I think a good analogy is an audience watching a horror film. Some members of the audience sit there with a smirk on their face. Others have varying degrees of physical and emotional reaction. A few may be so upset that they feel afraid long after the lights come up.

Clearly, the sensory imput of the sights, sounds and story have an impact on some part of the audience. And the immersive qualities of the experience have something to do with the reaction. (That's why the experience of watching a movie on a big screen is very different than watching it on a 13" laptop.)

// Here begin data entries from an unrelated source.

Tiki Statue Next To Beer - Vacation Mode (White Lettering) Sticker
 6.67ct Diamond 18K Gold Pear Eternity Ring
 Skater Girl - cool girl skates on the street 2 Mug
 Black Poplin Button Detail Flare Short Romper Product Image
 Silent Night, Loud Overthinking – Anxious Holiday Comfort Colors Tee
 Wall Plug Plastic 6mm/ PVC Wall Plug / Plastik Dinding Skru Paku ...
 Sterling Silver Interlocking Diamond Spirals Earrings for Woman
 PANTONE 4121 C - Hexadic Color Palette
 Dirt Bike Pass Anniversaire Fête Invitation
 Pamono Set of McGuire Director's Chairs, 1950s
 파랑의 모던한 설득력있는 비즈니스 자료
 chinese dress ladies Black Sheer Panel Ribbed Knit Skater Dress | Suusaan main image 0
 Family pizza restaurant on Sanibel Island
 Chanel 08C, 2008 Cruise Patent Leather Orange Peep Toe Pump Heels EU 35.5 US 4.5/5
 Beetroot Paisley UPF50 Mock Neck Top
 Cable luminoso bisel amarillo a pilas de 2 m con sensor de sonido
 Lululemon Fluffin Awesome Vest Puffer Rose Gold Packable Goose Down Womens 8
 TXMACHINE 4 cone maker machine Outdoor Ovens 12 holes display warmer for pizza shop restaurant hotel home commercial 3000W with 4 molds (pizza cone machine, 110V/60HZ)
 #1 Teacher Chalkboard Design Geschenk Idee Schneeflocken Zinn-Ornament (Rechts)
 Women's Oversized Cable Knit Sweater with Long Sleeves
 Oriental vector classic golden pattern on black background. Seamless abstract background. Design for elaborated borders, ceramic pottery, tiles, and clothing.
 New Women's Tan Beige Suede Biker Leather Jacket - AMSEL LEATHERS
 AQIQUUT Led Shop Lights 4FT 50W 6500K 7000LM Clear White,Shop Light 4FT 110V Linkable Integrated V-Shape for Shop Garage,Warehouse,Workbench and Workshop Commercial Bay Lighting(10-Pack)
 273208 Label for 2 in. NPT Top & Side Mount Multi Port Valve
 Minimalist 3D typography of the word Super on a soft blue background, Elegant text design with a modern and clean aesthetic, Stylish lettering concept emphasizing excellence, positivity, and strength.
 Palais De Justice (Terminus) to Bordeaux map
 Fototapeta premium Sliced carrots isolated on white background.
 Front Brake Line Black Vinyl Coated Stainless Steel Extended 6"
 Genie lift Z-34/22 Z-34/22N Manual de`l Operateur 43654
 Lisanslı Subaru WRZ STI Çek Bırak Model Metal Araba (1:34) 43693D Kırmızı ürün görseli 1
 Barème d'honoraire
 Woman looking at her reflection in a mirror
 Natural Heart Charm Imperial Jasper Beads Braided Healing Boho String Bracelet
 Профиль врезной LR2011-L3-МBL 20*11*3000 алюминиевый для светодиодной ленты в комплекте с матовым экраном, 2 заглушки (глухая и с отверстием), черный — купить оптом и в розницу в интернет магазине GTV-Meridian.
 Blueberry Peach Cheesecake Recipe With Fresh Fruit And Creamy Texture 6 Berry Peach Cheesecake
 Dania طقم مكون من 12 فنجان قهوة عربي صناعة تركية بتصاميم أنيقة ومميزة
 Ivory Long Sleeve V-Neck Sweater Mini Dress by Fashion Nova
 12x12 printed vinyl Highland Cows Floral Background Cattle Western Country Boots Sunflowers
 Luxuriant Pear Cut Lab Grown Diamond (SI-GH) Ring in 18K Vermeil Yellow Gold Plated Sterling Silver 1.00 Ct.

I'm guessing this example won't sway your opinion, so maybe we can just disagree on this for the time being. In any case, I appreciate your thoughts and the time you've taken to add to the conversation here.

Digado said...

Well i guess it comes down to circling the wagons in this manner again - 'obviously if you haven't experienced it you will not understand it' - I'm really not impressed with that 'defense'. Its not about what I know or understand really, I was hoping you could provide some insights in how you think immersion affects these relationships but you haven't been doing that...

But it does fall in line with whats been said so far. It creates the ultimate meme (you have to be in to know) to justify behavior within a certain crowd rather then to interpret human behavior as actual human behavior which could potentially be painful - there is always the 'magic of immersion' to add to the formula and pretend things are 'blurry' :)

Botgirl Questi said...

digado: I apologize for the less-than-respectful tone of my earlier responses to your comments. Upon reflection, I realized that the source of the frustration I ended up projecting at you was actually my own lack of clarity on this stuff.

Please bear with me. I hope to have a more refined expression of what's behind the AIR idea soon. Then if we end up disagreeing, it will at least be about the same thing.